Consider used software

An automated test environment often consists of more than the tool and the SUT, it also contains simulators, third party software, build systems, etc. Different VGT tools have different built in capabilities to integrate with this environment that further stresses the need to evaluate different VGT tools during a pilot project. Additionally, if environmental software components are interchangeable, e.g. remote desktop or VM clients, several options should be tested to find the best possible solution for the company’s context. Whilst this guideline is primarily based on previous work (Alégroth et al. 2014), it is supported by the results from Spotify that reported the evaluation of different VM’s and even test frameworks for different tasks.

Use of VGT in Practice

Change roles

Adoption of a new technique can require new roles to be formulated, e.g. a role dedicate to the development and maintenance of scripts. However, an individual placed in such a role needs training and/or time to familiarize themselves with the new technique which also adds to the adoption costs of the technique. Additionally, the new role’s responsibilities will change that must be accounted for when planning the individual’s workload.

Consider the development process

VGT should be integrated into the development process to be effective. This implies adding the technique to the normal routines at the company for instance by adding VGT to the definition of done (If such is available) of a feature or task. Additionally, the scripts should be added to the company’s build and test process to allow them to be executed automatically and frequently, e.g. every night. These nightly runs should support randomization of test script executions since it has been found that changing the order of the test scripts between test executions can have a positive effect on the scripts’ failure-finding ability (Alégroth et al. 2013a).

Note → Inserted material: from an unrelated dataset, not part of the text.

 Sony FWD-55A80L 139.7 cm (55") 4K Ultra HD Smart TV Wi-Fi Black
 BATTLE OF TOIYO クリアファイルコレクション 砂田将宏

In addition, the company needs to consider for what purpose VGT is used and cover other test related needs with other techniques. VGT is primarily a regression test technique but it can also be used to provide stimuli to a SUT during long-term tests to make these tests more representative of use of the SUT in practice. Hence, it is perceived that VGT can be used for more than regression testing, but, as stated, it cannot replace manual testing. Therefore, the adopting company needs to redefine their test process to make use of all the company’s test techniques’ benefits in the best way possible. Especially since VGT scripts find SUT failures that must then be analyzed manually, with root-cause analysis, to identify the associated defects in the code.

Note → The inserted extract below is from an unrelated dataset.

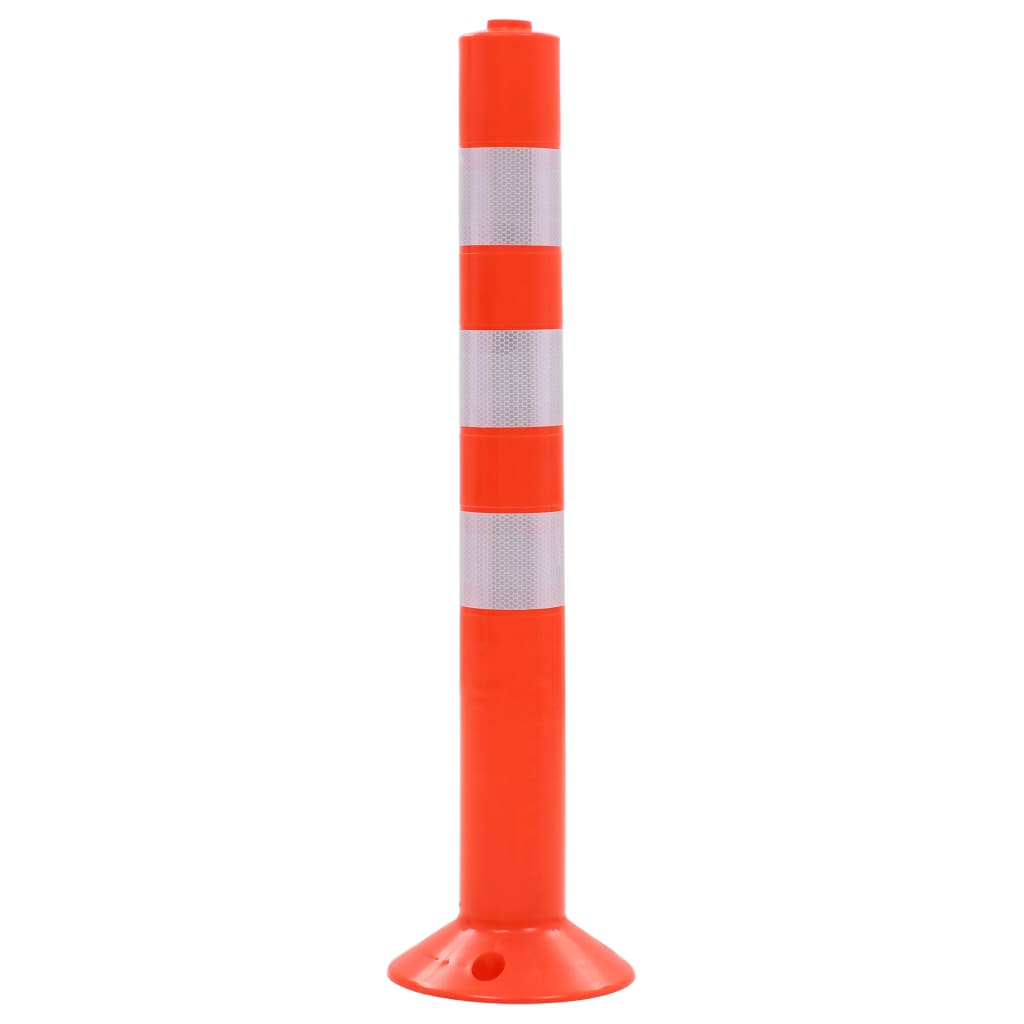Dissuasore del Traffico 2 pz Plastica 75 cm | homemem39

Whilst these guidelines have been hinted at in previous work on VGT, the results from this study gave confirmatory support of its importance. In summary, tool adoption requires substantial change to the context in which the tool is being adopted.

Change the organization

With changes to roles and the development process comes also changes to the company’s organization, e.g. diversion of responsibilities between individuals, new co-workers, etc. These changes can disrupt development for a time, which will have monetary impact before the new processes and organization settles. The impact of this organizational change can vary dependent on how VGT is adopted but it is suggested that VGT knowledge is spread across the organization but primarily handled by dedicated individuals, as reported in this study and previous work (Alégroth et al. 2013a).

Define code conventions

Code conventions keep scripts consistent that make them easier to read and maintain. Additionally, these conventions can be used to convey how specific VGT related practices, e.g. systematic synchronization, should be performed by the developers or how the code should be structured to promote modularization, reuse and maintainability.

Minimize remote test execution

VGT tools can be executed on top of remote desktop or VNC clients to facilitate testing of distributed systems. However, results from previous work (Alégroth et al. 2013a) indicate that this practice has adverse effects on some VGT tools’ image recognition success-rate. Therefore, for distributed systems, it is recommended that the company uses a VGT tool with built in VNC functionality, e.g. EggPlant (TestPlant 2013), to mitigate these adverse effects. Another practice, recommended in previous work, is to minimize the use of VNC and run the scripts locally to the greatest extent possible. This practice implies that certain test cases become out of scope for VGT, the impact of which should be evaluated during the pilot study.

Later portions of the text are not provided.